The marital estate may be divided evenly or through a “skewed” distribution that provides more than 50% to one party. The entire marital estate may be divided by one percentage or different percentages may be assigned to different assets or groups of assets. The court may award an entire asset or debt to one party or the other, as part of the overall equitable distribution. The court may also require the parties to divide or sell an asset or to pay a debt or to protect assets.
Retirement plans can be tricky:
- Many retirement assets require a “qualified domestic relations order” (“QDRO”) to divide between the parties.
- QDROs are administered per federal law and so can be cumbersome to draft, finalize and implement.
- QDROs must juggle inflexible federal requirements, proprietary company forms and the particular desires of the client.
- Retirement plans can be divided up or appraised and set-off against other assets. It is important to know when to choose the right option.
- Valuing defined benefit retirement plans requires a projected date of retirement, actuarial assumptions, method of valuation and many other factors such as the date of separation.
In equitable distribution, only the marital portion of a retirement plan is divided. The marital portion is ascertained by a “coverture fraction.” So, if an employee worked for a company for 5 years during the marriage and then 10 years after the marriage, his or her retirement account would only be 1/3 marital (5/15 = 1/3). If the spouse received 50% of the marital portion of the retirement account, the spouse would only receive 1/6th of the entire value of the account (1/3 x ½=1/6).
By itself, equitable distribution is not a taxable event. In fact, some events that usually incur a penalty may be penalty-free due to equitable distribution. However, you might face taxes or penalties in connection with liquidations, sales and the like that may be ordered or become necessary because of equitable distribution. And assets may have tax bases. Also, the parties may each have different tax statuses after the divorce.
Chapter 4
Prenups, Postnups and Settlement Agreements
Some divorce cases will be decided by litigation and a happy few will be a “simple” divorce. But cases involving significant marital assets or debts are most often resolved by an agreement between the parties.
A good economic settlement should be tailor-made to your case. All settlements contain common elements, but there are an infinite number of ways to tailor a settlement to the parties. Should there be insurance protection for support? Should the asset and/or payment be transferred immediately or over time. Are there win-wins with claiming children on taxes? Should payments be child support or alimony? Do I want to push/explore more or get this case over with? Should I keep the house or sell it? Will support include a budget for going back to school?

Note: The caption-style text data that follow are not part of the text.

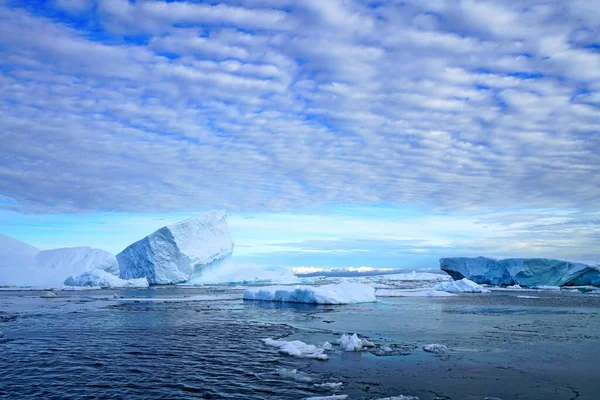 Este Verano Isla Pleneau Península Antártica Hay Pingüinos Ballenas Icebergs — Foto de Stock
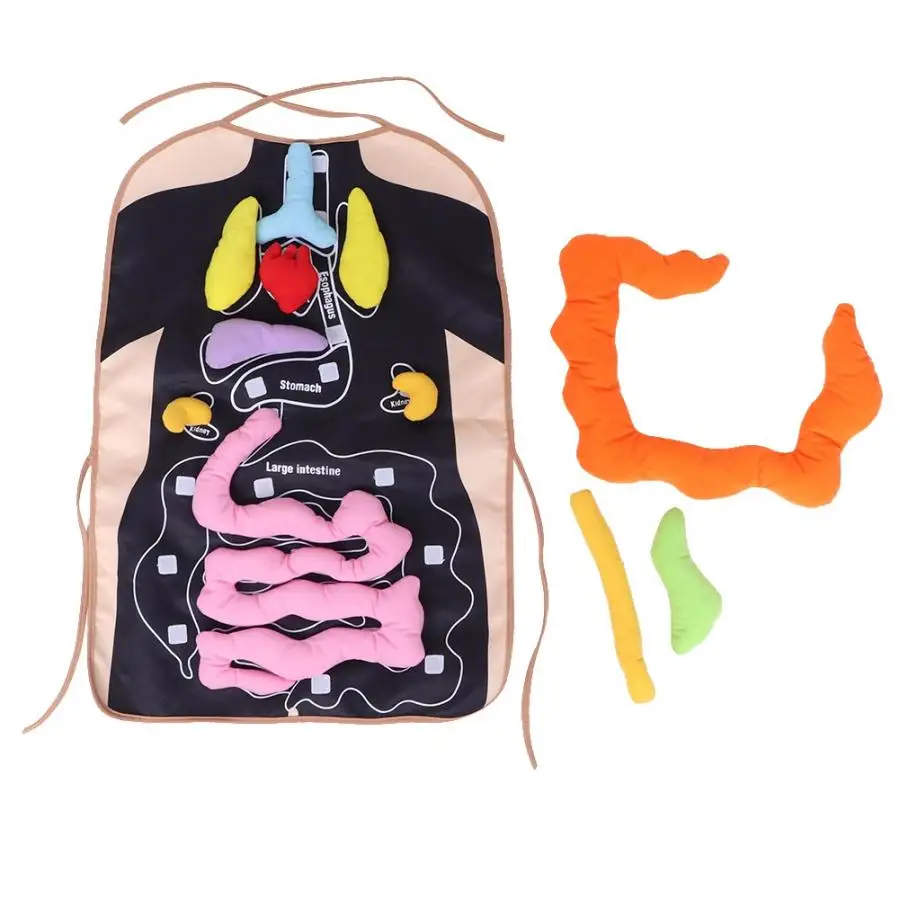 educational 3d organ apron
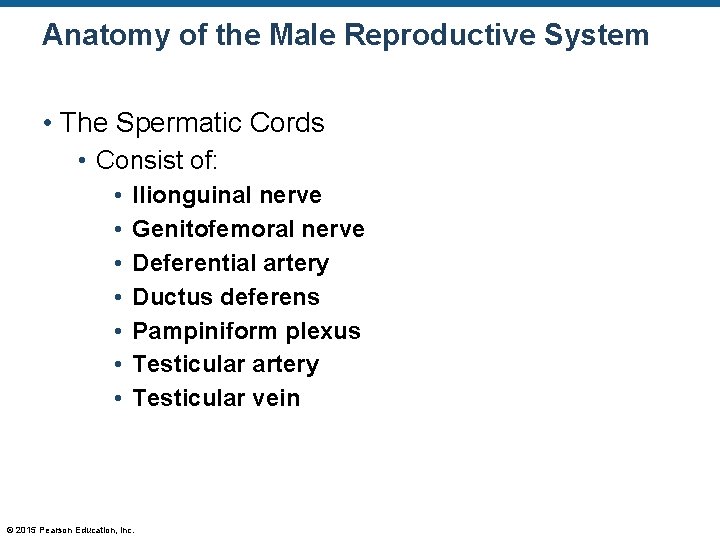 Anatomy of the Male Reproductive System • The Spermatic Cords • Consist of: •
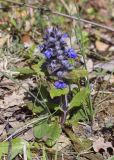 Ajuga reptans. Цветущее растение. Испания, автономное сообщество Каталония, провинция Жирона, комарка Ла-Гарроча, муниципалитет Ла-Валь-де-Бианья, подр-н (субкомарка) Л’Альта-Гарроча, 870 м н.у.м., перевал Capsacosta, обочина дороги в смешанном лесу. 12.04.2024.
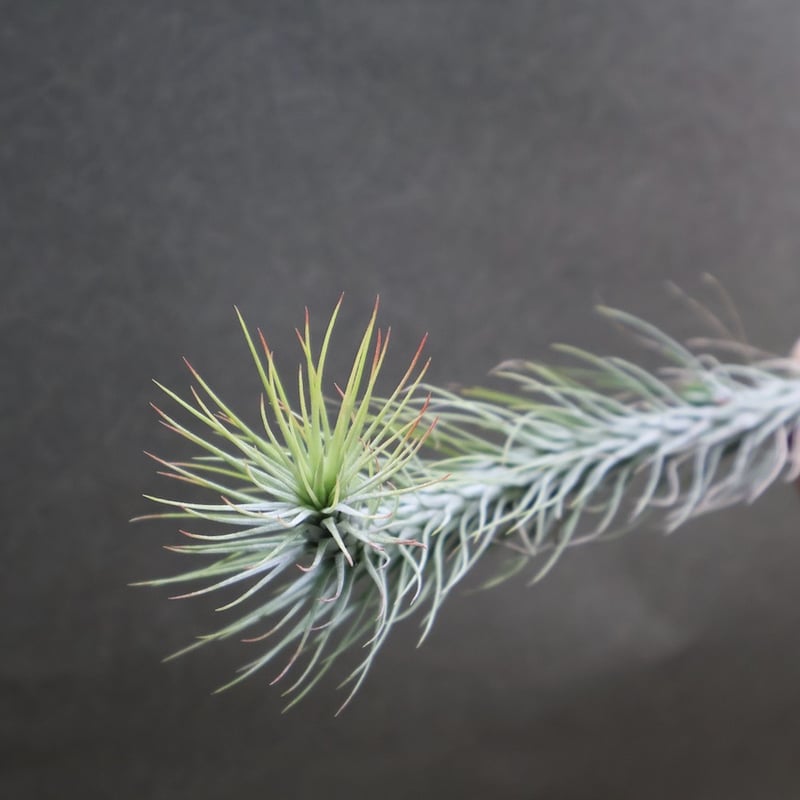 チランジア　ドミンゴズ　フンキアナ チランジア・フンキアナ Tillandsia funckiana 育て方 図鑑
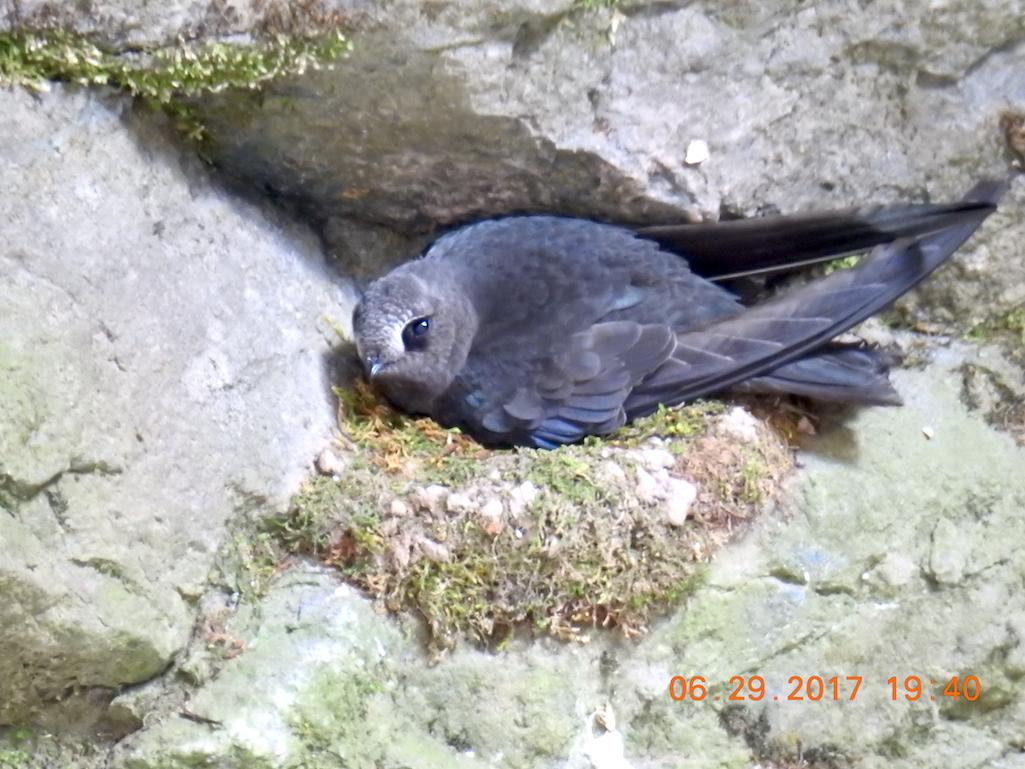 This Black swift was spotted at Ouray Falls, Colorado/Sharon Forsyth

There are four basic types of agreements. The first is a consent order. Consent orders of court are agreements between the parties in the form of a court order. They are entered after the divorce complaint has been filed and are generally used in rather simple cases where some type of economic settlement is still required. Other cases require a more thorough type of contractual agreement and the three basic types of such agreements are reviewed below.
Prenuptial Agreement
A prenuptial agreement (“prenup”) is the cheapest, quickest and safest way to resolve a divorce. Unfortunately, most people do not enter into prenups prior to marriage, viewing it as “anti-romantic,” rather than as an insurance policy that need never be used.
A prenuptial agreement is an agreement between the two parties prior to getting married. It can settle (in advance) an entire case or it can settle certain aspects of a case (such as ownership of a family business or appreciation on a family home).
A prenup is a contract between the two parties, made outside of court. The key to making a prenuptial agreement enforceable is disclosure of assets, debts and economic status. This can be done by appending exhibits to the Agreement or by other means. Each party should have sufficient time to review the agreement, so don’t wait until the week before your wedding.
A prenup can be done by one attorney but the attorney can ethically represent only one side. We have done many successful “one-attorney” prenups. A good one-attorney prenup should include proper language about disclosure, the attorney status and waiving the right to counsel.
Prenups need certain “magic” words and concepts to make them enforceable. But, prenups do not need to be “even” or even “fair.” However, a “fair” prenup is more likely to survive a challenge if legitimate issues arise.
Prenups are advisable for everybody, even if the parties don’t yet have significant assets or debts. For example, a prenup might state that all future marital property would be divided on a 50/50 basis and that alimony is waived. This way, potential future litigation is narrowed even though the parties may have no idea what the future may hold.
Prenups are especially important when dealing with existing businesses, professional practices and family assets.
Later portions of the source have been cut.